2. Use the UNIV 101 library assignment modified to integrate the OBOC book.
3. Interview a professor who teaches or does research in an area described in the book. Write about
this for the “faculty interview” assignment.
4. Assign each student a chapter. They develop a short, annotated list of websites relevant to the
chapter. Each student emails the list to the instructor. The instructor compiles a class list and
distributes it to the students in the class. Each student must visit each web site. They have up to
five vetoes (supported by a reason) to eliminate a site from the list. This helps students practice
critical analysis of web sites. Any site with more than a certain number of vetoes is dropped from
the class list. [For instructor extra credit: submit your class list to the OBOC website for the
campus to use.]
5. Each student selects a book from the bibliography of A Short History or this reading guide to do a
book report on. Since the bibliography is so long, no two students need to read the same book.

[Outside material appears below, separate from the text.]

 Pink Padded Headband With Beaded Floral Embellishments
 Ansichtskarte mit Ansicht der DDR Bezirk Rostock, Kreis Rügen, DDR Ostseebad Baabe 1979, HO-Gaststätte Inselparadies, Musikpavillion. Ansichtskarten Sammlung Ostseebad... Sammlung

Instead of a full book report, you could develop a worksheet that students fill out about their book
This would help students learn how to summarize the main points of a book.

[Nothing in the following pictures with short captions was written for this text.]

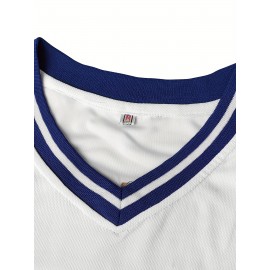 Men's #32 Embroidered Basketball Jersey - 100% Polyester, Stretch Fabric, V-Neck, Sleeveless Sports & Casual Wear for Adults and Teens - Machine Washable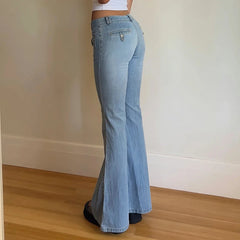 LIZAKOSHT  -  Front Pockets Cargo Flared Jeans Women Hotsexy Washed Color Slimming Low-rise Boot Cut Denim Pants Streetwear Y2K Pants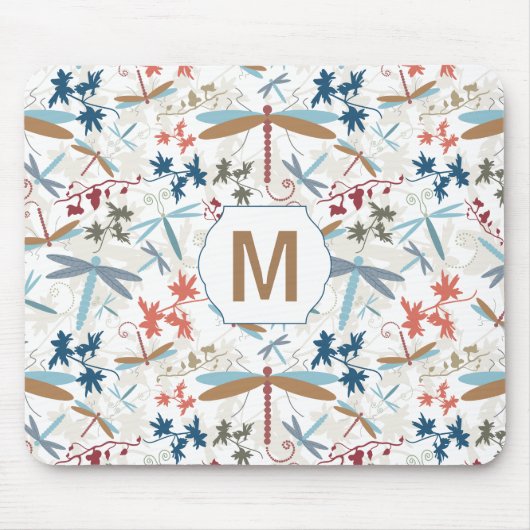 Dragonfly Multi Colored Monogram Patroon Muismat (Voorkant)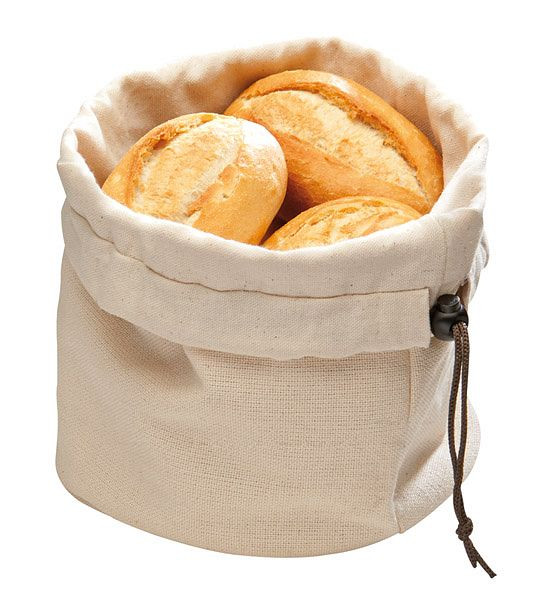 Sac à pain APS avec coussin chauffant, Ø 20 cm, hauteur : 23,5 cm, coton, beige, avec fermeture par cordon, sac à pain lavable en machine, 30380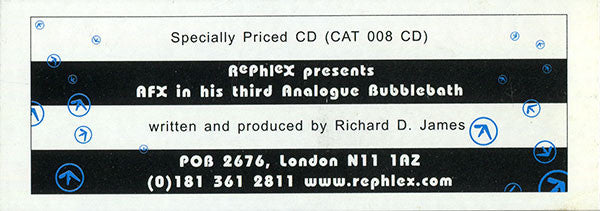AFX* : AFX In His Third Analogue Bubblebath (CD, Album, RE, RP, Sli)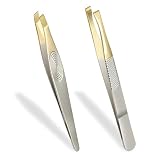 2Pcs Precision Slanted Eyebrow Tweezers, Stainless Steel Slant Tweezer, Facial Hair Remover for Women and Men, Medical-Grade Eyebrow Tweezers for Facial Hair & Ingrown Hairs Removal
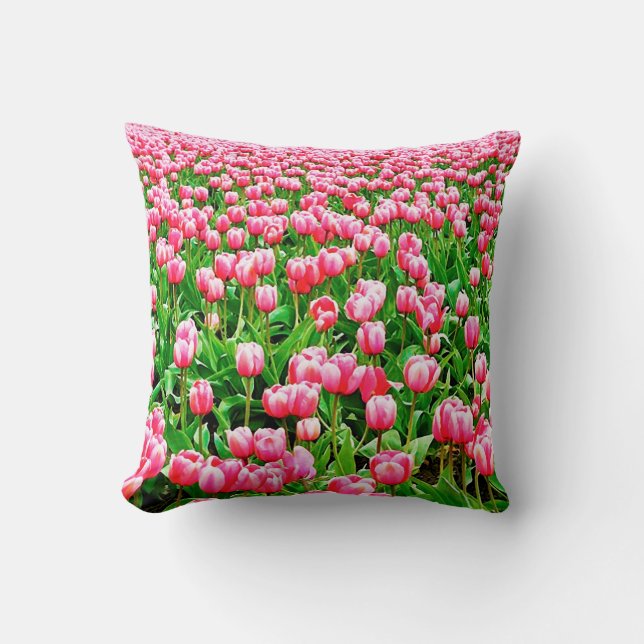 Fält i Rosa Tulips Kudde (Framsida)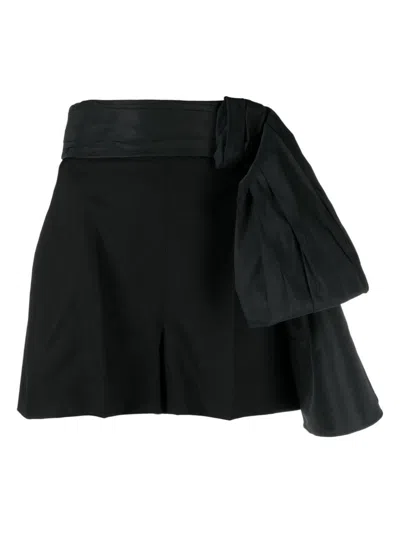 Alexander Mcqueen Women's Oversize Bow Tailored Shorts In Black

6. Find a current newspaper or magazine article dealing with an issue from A Short History. The
student submits the article, summarizes the relevant content in the article, summarizes the
relevant content in the book, and describes how the article is related to the book.
7. Use the Discussion feature of BlackBoard to post a question about each chapter. If you do this for
six weeks, assign 1/6th of the class to answer each question. You may evaluate this using a simple
scale: 5 point for doing it, 7 point for a reasonable answer, 9-10 points for a good answer.
Small Group projects
Small group projects are an effective way to get students in your UNIV 101 class to work together.

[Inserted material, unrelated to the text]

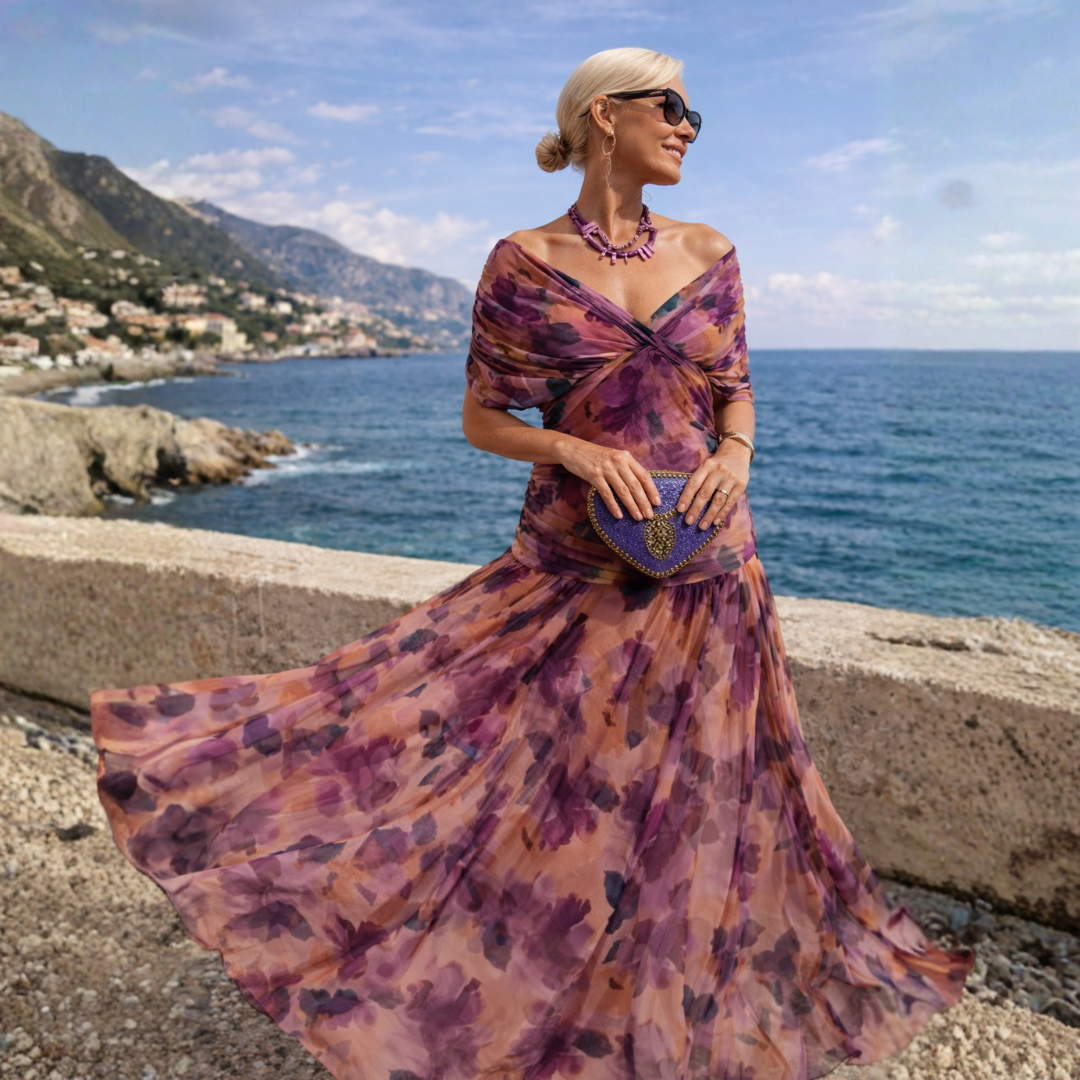 Mikaela | Gedrapeerde off-shoulder maxi-jurk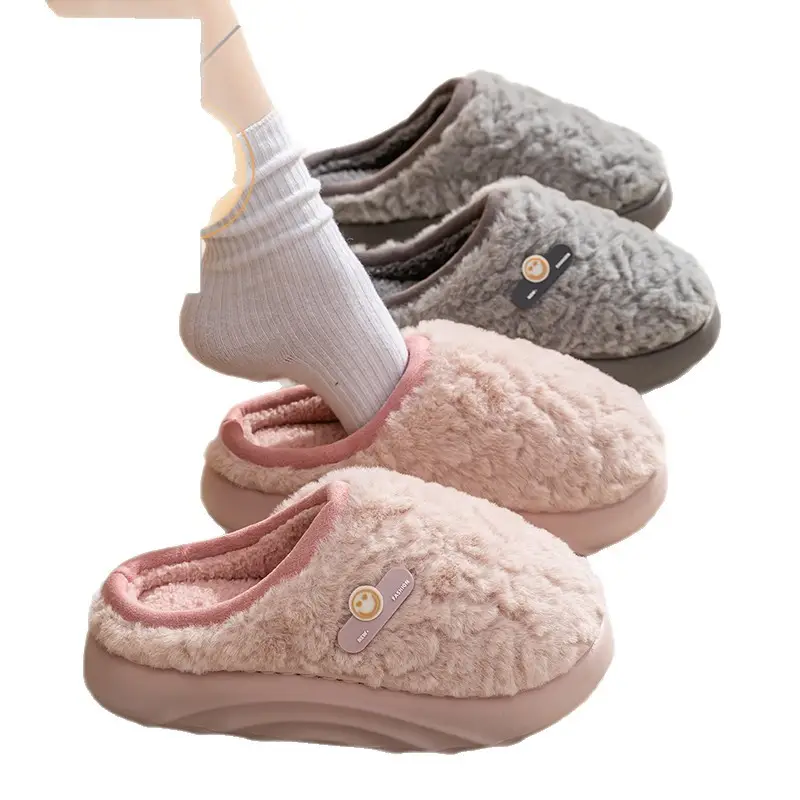 Cotton Slippers for Women Autumn and Winter 5 New Home Indoor Fleece-Lined Warm Thick Sole Anti-Slip Smelly Feet Couple Cotton Slippers - Image 10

1. Each group chooses a chapter from A Short History.
a) The group answers the discussion and Food for Thought questions from their chapter.
b) The group answers the discussion and Food for Thought questions from their chapter and leads
a brief class discussion of the chapter.
2. Each group picks a “human interest story” from the book. They make a brief presentation to the
class about their story presenting the situation, how it was resolved in real life, how it could have
been resolved better, and what this story can teach a CWU student in 2006. One example is the
discovery, summarized in chapter 13: Bang!, of what caused the extinction of the dinosaurs.
3. Each group finds a current newspaper or magazine article dealing with an issue from A Short
History. The group presents the article to the rest of the class, summarizes the relevant content in
the article, summarizes the relevant content in the book, and describes how the article is related to
the book. Have the groups submit the articles in advance so you make sure each group presents a
different article.
4. Similar to number 7 above except in this case, each group is assigned a week to post a question.
Whole class projects
1. Assign one or two chapters per week.
a) Start each class with a OBOC “Question of the day” from that chapter. Students have two
minutes to write their answer to the question.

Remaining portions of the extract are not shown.